The problem is that the red line and the blue line are on very different scales. Their absolute ranges and relative ranges are different. The vertical range is 26 million persons for the blue line and only about 12 million persons for the red line even though the latter has much higher values. Here are both series on the same scale:
Figure 2: Single Scale
That's a more accurate picture, and you can still see the divergence after the recession. But the two groups weren't quite moving on the same trajectory before the recession, after all. The red line's increase was shallower and already starting to level off before the recession, and its dip is not as dramatic, especially in relative terms.

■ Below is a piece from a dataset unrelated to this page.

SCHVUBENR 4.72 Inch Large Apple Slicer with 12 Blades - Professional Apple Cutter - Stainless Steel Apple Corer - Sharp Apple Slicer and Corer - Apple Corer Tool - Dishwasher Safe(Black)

It's rarely a good idea to use two scales on a graph, yet it's pretty common. It seems we have a drive to put as much information as possible on a single graph. It's understandable because the result feels more efficient, and maybe we don't notice the added complexity as we construct the graph one variable at a time. But the viewer sees the whole graph at once and has a bit of mental work to do to decipher two different scales. The whole point of data visualization is to leverage the non-thinking perception we get for free from our visual systems.
Nonetheless, those lines are pretty far apart, making comparisons difficult, so it's not perfect either. Separate graphs is a natural alternative, but we would still have to figure out how to make the disparate scales comparable. So instead, let's look at ways to make dual scales more perceptually accurate.
First, a technical note: The method for making a dual-scaled graph in Graph Builder in JMP is a little below the surface since it's not a recommended technique. First, add two Y variables to the left axis and then right-click on them and choose "Move Right" for one of the variables.
One way to avoid a dual scale altogether is to transform the two variables onto some relative scale, but the downside is that you lose the original units. However, you can get that effect without losing the units by setting each scale as if it were transformed. For example, let's pretend we transform each variable to a percentage of its maximum value. That's equivalent to having the left and right scales both go from 0 to the maximum data value (plus some margin).
Figure 3: Dual scales at 0 to 100%
That feels truer since they're on the same scale in some sense (0 to 100%), but the bottom half of the graph is empty and feels wasted (though it is serving some purpose). We can extend the logic of Figure 3 and scale both axes to 50% of maximum to 100% of maximum.
Figure 4: Dual scales at 50% - 100%
Now we can see each trend in context of its own range. However, the rates of change are not comparable to each other: A vertical distance of 5 million on the left axis is about the same as 10 million on the right axis. If we wanted to compare rates of change or vertical change in general, we'd need to give both scales the same range.
Figure 5: Dual scale with equal ranges
Now we can see that the red loss is actually less than the blue gain after the recession, though the loss looked much bigger in the original (Figure 1). Notice that in this mode, with equal ranges, we can still move each entire scale vertically and make the crossover point arbitrary, which is a scary idea. The casual viewer will think the crossover point is significant, but it's not.
A completely different story Here's one final graph to show how really dangerous dual-scaled graphs can be.
Figure 6: Dual scales for a custom story
With only a few scale modifications, we can tell a completely different story: The lines started out together, then the red line surged before finally coming back down to blue line levels again. The scales here are just as justified as those in Figure 1.
I've referred to the lines by their colors partly because the variables names are wordy but also to stress that the concepts are generic. However, the appropriateness of each scaling technique can depend on the meaning of the data, such as whether relative or absolute change is more relevant.
Now I'd like to hear from you: Given that no view is perfect, which of the six figures do you think represents this jobs data best?